Below are records to give again exactly; omit each image they contain.

- _DATA SHOWN_
◇ ◇ ◇

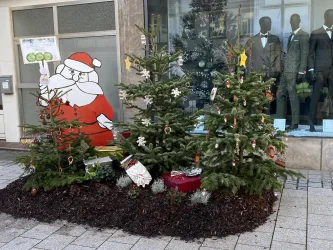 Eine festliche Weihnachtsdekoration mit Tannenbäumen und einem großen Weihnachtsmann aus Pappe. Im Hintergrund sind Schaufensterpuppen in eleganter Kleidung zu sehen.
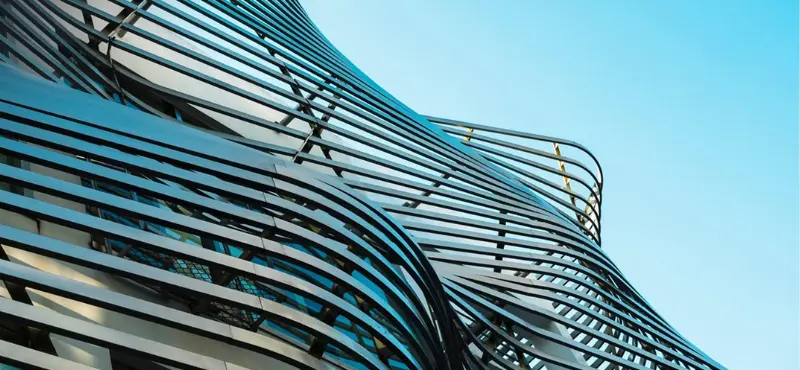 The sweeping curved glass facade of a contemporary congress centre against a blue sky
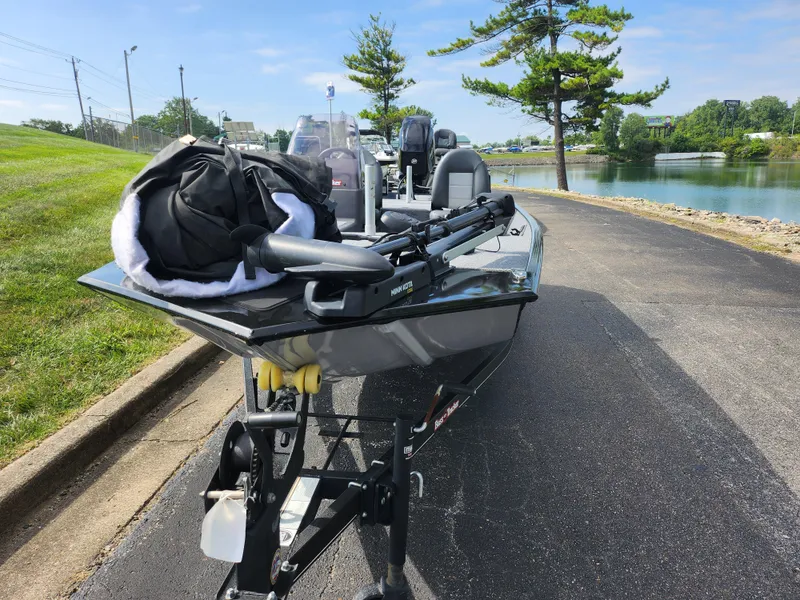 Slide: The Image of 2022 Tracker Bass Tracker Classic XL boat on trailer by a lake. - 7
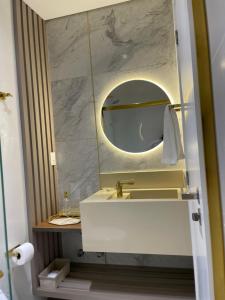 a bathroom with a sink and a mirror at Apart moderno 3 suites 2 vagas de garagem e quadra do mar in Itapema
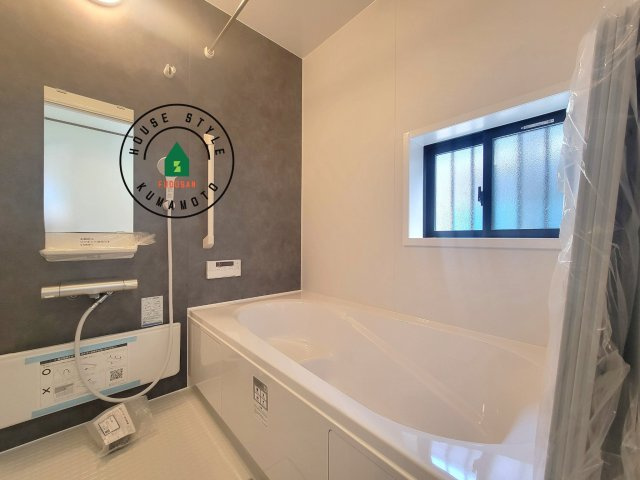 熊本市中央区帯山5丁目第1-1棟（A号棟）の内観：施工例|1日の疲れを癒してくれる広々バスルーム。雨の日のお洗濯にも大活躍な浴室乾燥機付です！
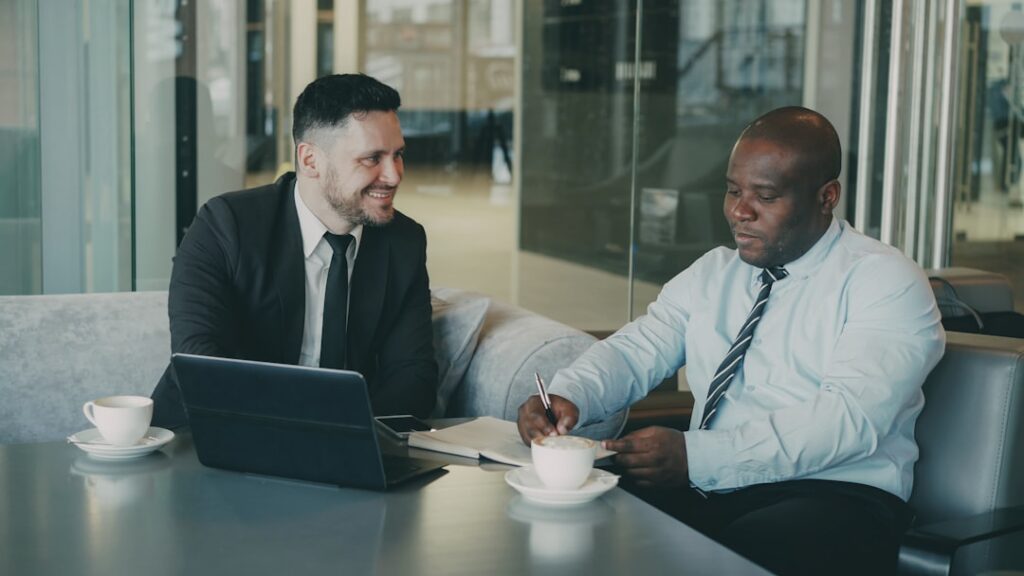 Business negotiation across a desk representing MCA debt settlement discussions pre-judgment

◇ ◇ ◇

- _THE ANSWER_
 Eine festliche Weihnachtsdekoration mit Tannenbäumen und einem großen Weihnachtsmann aus Pappe. Im Hintergrund sind Schaufensterpuppen in eleganter Kleidung zu sehen.
 The sweeping curved glass facade of a contemporary congress centre against a blue sky
 Slide: The Image of 2022 Tracker Bass Tracker Classic XL boat on trailer by a lake. - 7
 a bathroom with a sink and a mirror at Apart moderno 3 suites 2 vagas de garagem e quadra do mar in Itapema
 熊本市中央区帯山5丁目第1-1棟（A号棟）の内観：施工例|1日の疲れを癒してくれる広々バスルーム。雨の日のお洗濯にも大活躍な浴室乾燥機付です！
 Business negotiation across a desk representing MCA debt settlement discussions pre-judgment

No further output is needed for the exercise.